▶ _To do_: Begin with the first line below and retype each line exactly through the line containing "Wall Mural - Triangle". Any pictures are to be left out.

Start of Data extracts

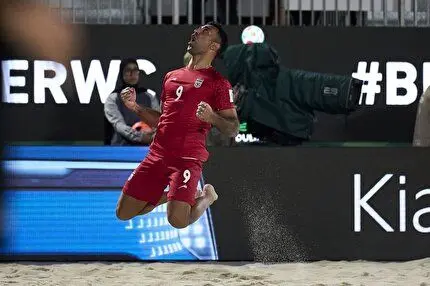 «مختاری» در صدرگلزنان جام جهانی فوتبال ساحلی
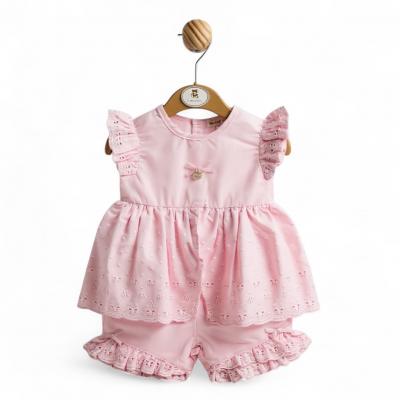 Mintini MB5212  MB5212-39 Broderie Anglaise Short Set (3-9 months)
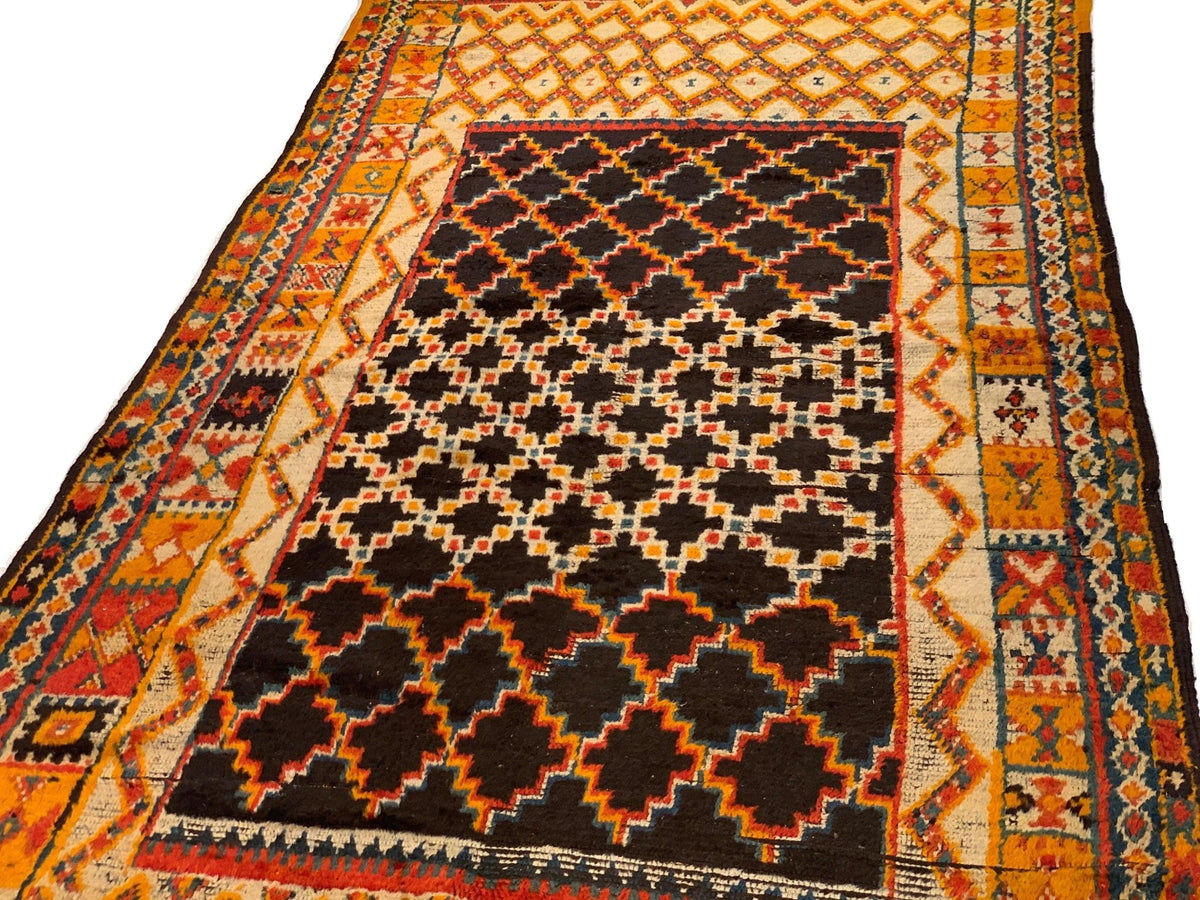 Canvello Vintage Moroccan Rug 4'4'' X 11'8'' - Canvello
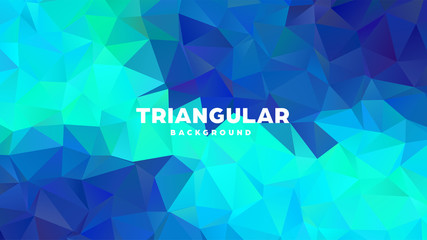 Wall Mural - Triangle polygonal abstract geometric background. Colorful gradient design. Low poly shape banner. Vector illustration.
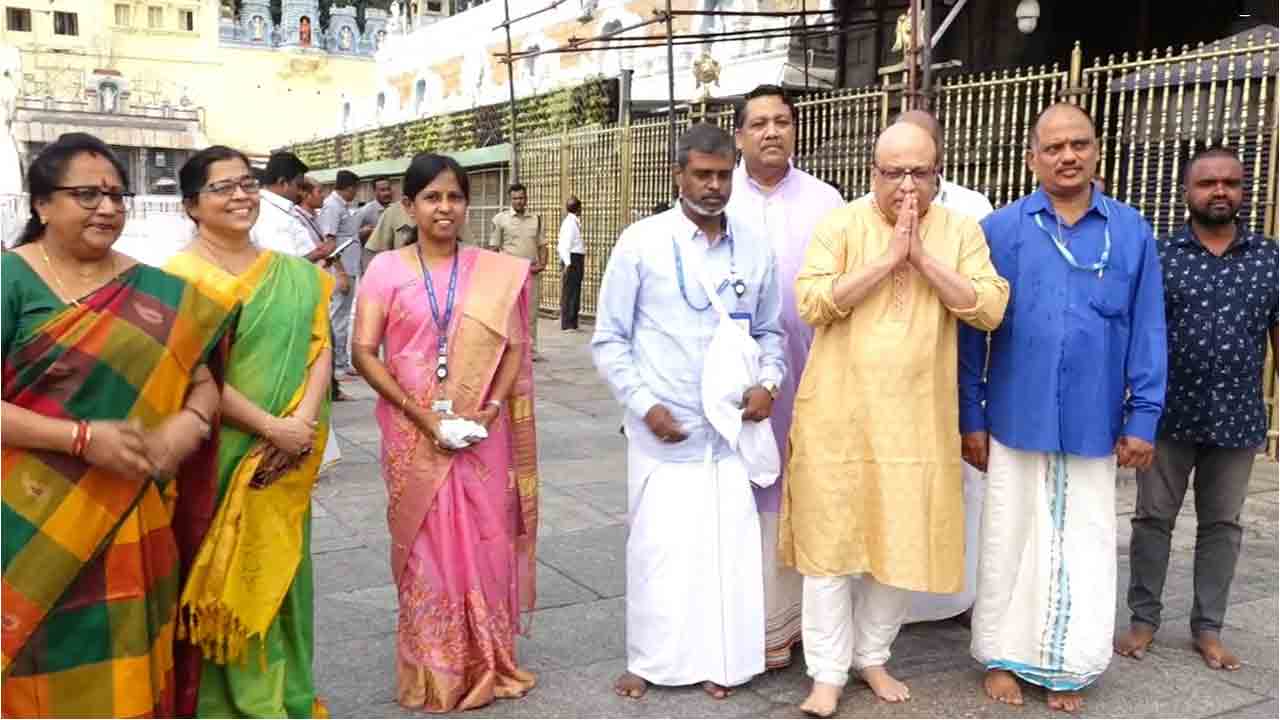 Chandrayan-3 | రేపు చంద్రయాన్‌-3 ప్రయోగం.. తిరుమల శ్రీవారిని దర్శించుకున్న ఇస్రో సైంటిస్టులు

End of Data extracts

▶ _The completed task_:
 «مختاری» در صدرگلزنان جام جهانی فوتبال ساحلی
 Mintini MB5212  MB5212-39 Broderie Anglaise Short Set (3-9 months)
 Canvello Vintage Moroccan Rug 4'4'' X 11'8'' - Canvello
 Wall Mural - Triangle polygonal abstract geometric background. Colorful gradient design. Low poly shape banner. Vector illustration.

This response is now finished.